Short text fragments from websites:
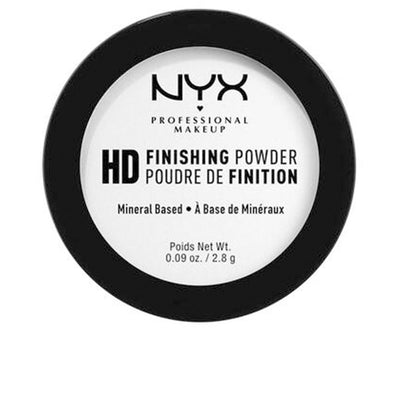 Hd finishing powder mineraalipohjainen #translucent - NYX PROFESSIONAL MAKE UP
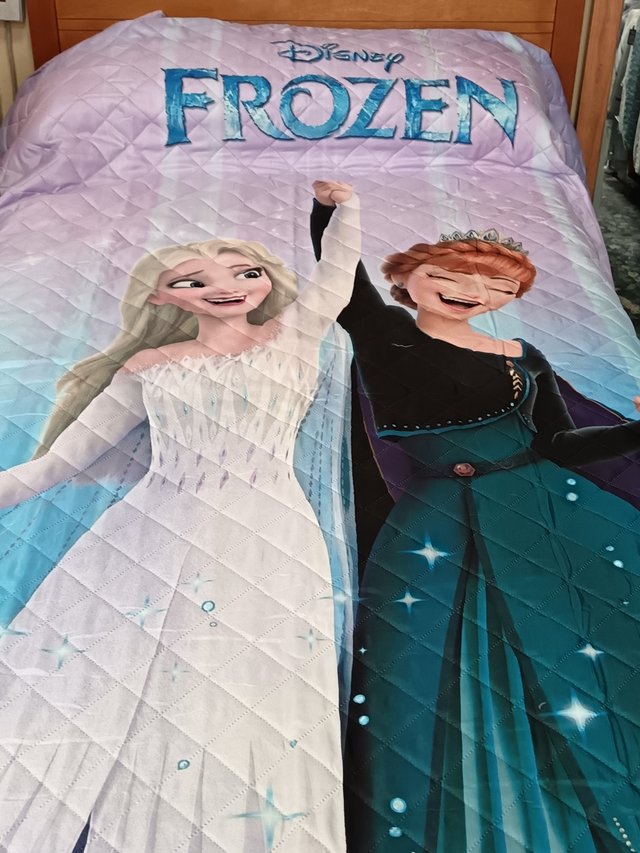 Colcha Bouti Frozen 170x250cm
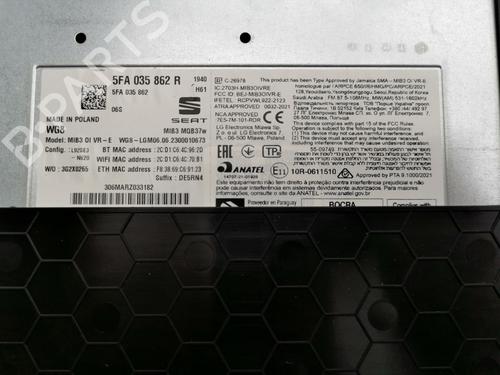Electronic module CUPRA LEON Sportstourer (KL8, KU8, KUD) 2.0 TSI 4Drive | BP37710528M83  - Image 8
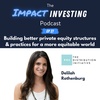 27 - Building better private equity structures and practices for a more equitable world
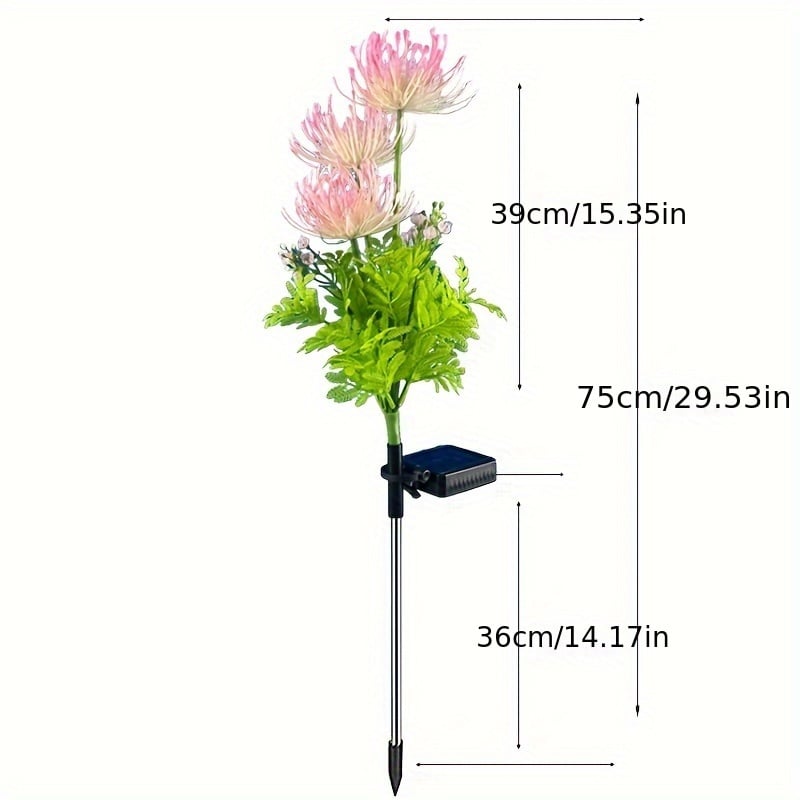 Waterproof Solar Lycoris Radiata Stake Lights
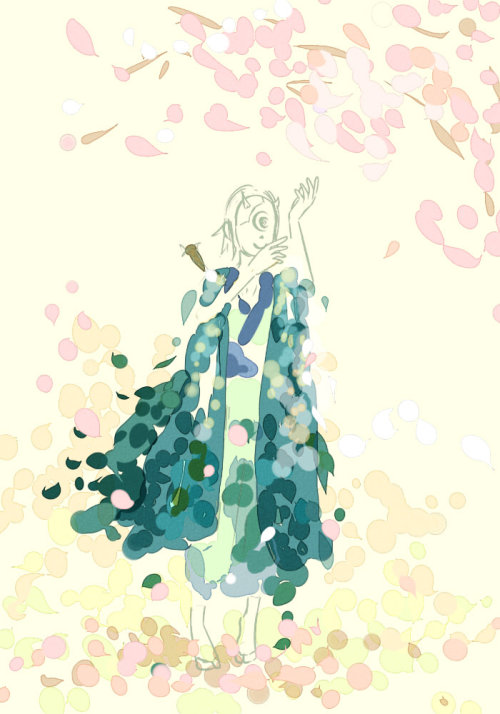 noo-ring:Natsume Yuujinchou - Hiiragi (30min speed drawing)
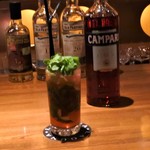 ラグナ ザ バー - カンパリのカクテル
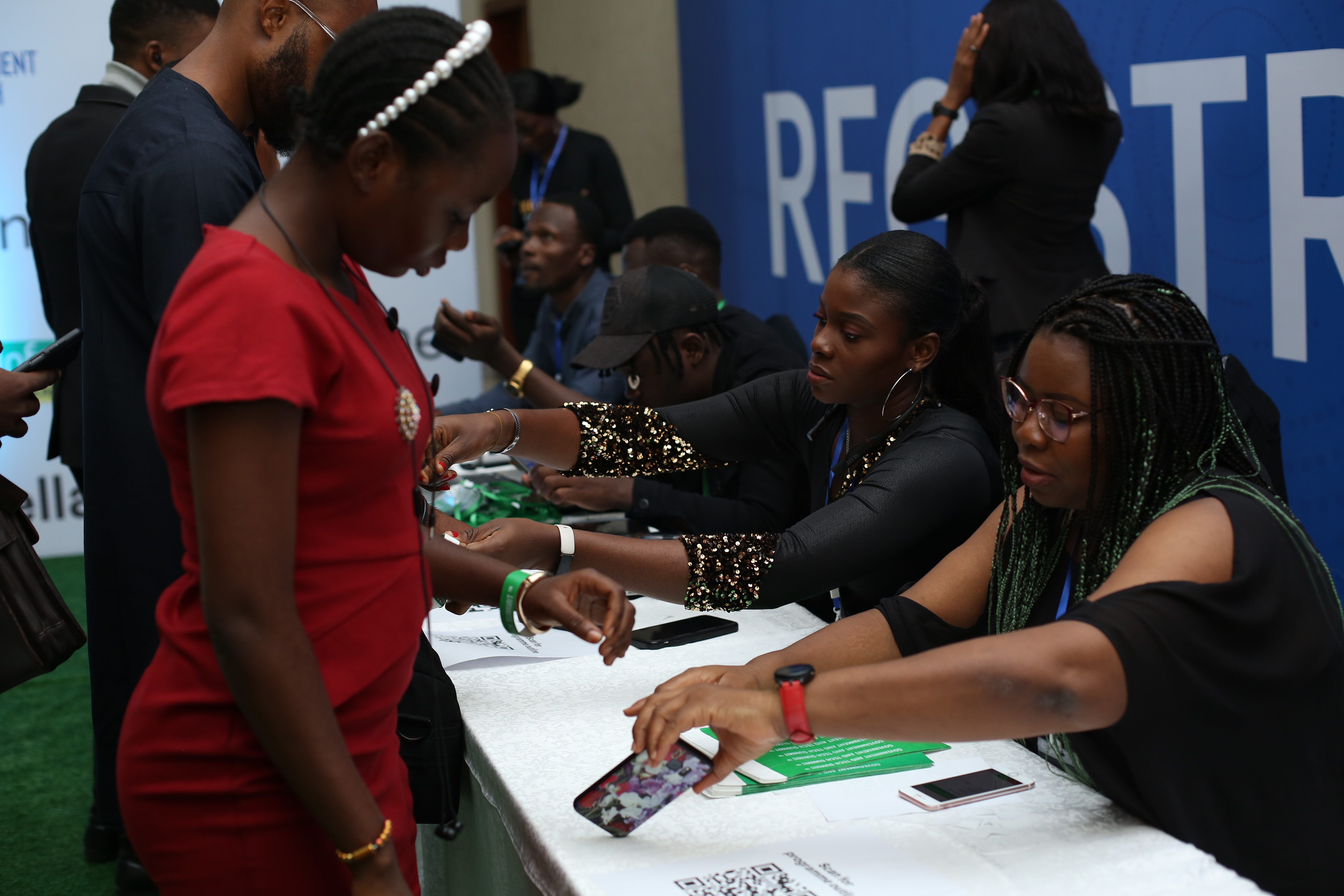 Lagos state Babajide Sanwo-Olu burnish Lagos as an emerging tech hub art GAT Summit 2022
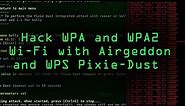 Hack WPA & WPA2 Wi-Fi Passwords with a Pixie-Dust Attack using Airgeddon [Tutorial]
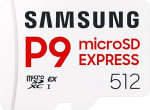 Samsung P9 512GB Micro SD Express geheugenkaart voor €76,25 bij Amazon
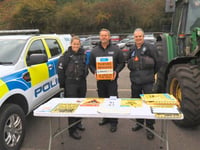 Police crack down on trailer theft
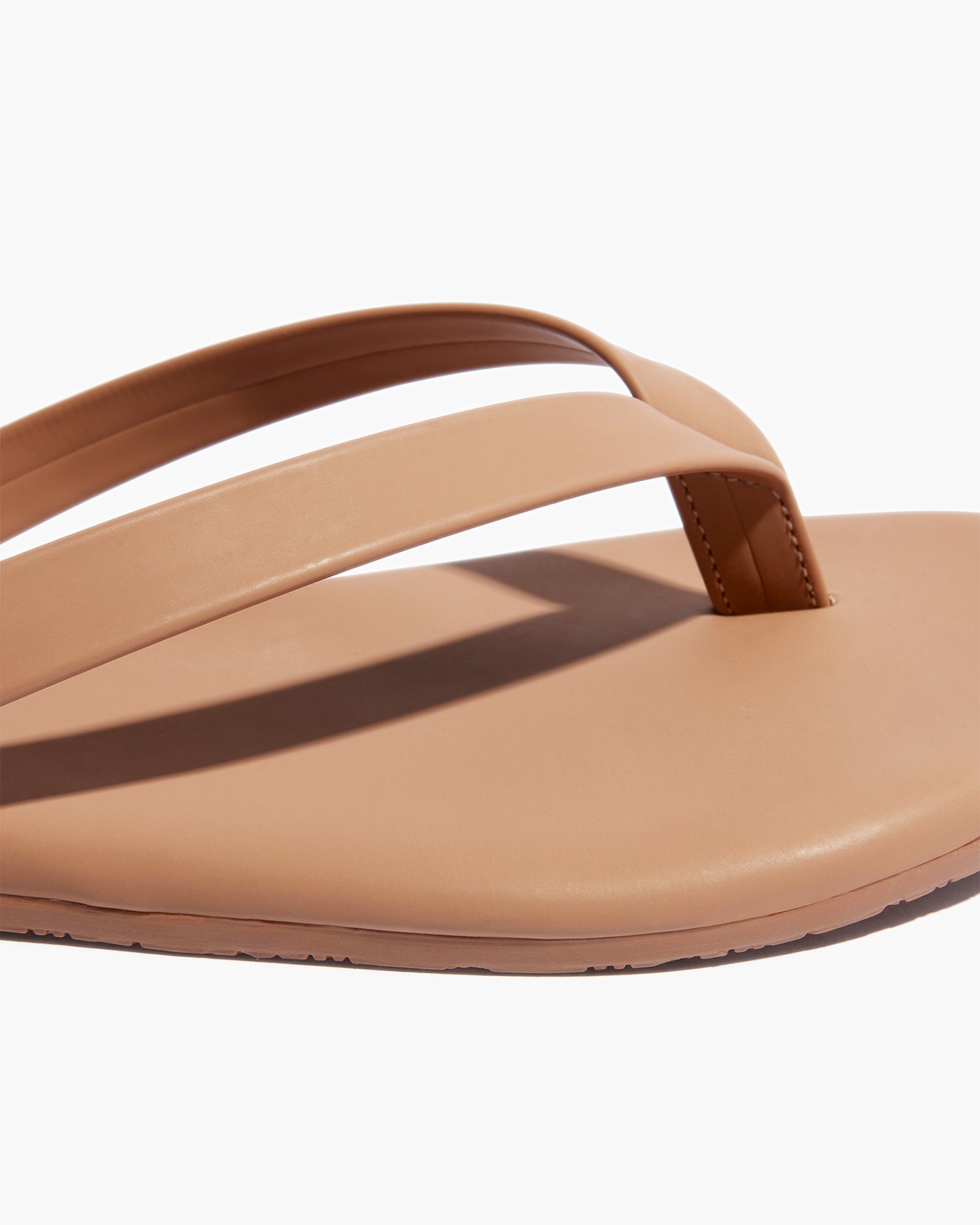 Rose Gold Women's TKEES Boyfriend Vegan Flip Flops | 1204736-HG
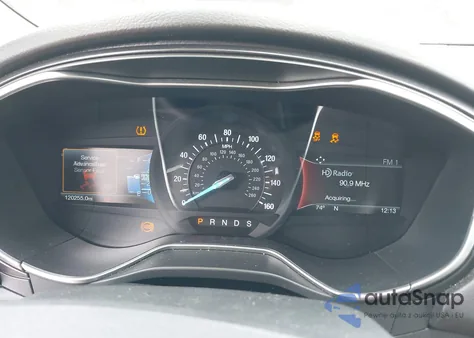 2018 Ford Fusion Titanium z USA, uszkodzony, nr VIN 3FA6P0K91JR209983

■ To do ■
Nothing but the lines from the one that holds "Electronic module CUPRA" through the end of the data should appear, written out exactly, without pictures.

■ Response ■
Electronic module CUPRA LEON Sportstourer (KL8, KU8, KUD) 2.0 TSI 4Drive | BP37710528M83  - Image 8
 27 - Building better private equity structures and practices for a more equitable world
 Waterproof Solar Lycoris Radiata Stake Lights
 noo-ring:Natsume Yuujinchou - Hiiragi (30min speed drawing)
 ラグナ ザ バー - カンパリのカクテル
 Lagos state Babajide Sanwo-Olu burnish Lagos as an emerging tech hub art GAT Summit 2022
 Hack WPA & WPA2 Wi-Fi Passwords with a Pixie-Dust Attack using Airgeddon [Tutorial]
 Samsung P9 512GB Micro SD Express geheugenkaart voor €76,25 bij Amazon
 Police crack down on trailer theft
 Rose Gold Women's TKEES Boyfriend Vegan Flip Flops | 1204736-HG
 2018 Ford Fusion Titanium z USA, uszkodzony, nr VIN 3FA6P0K91JR209983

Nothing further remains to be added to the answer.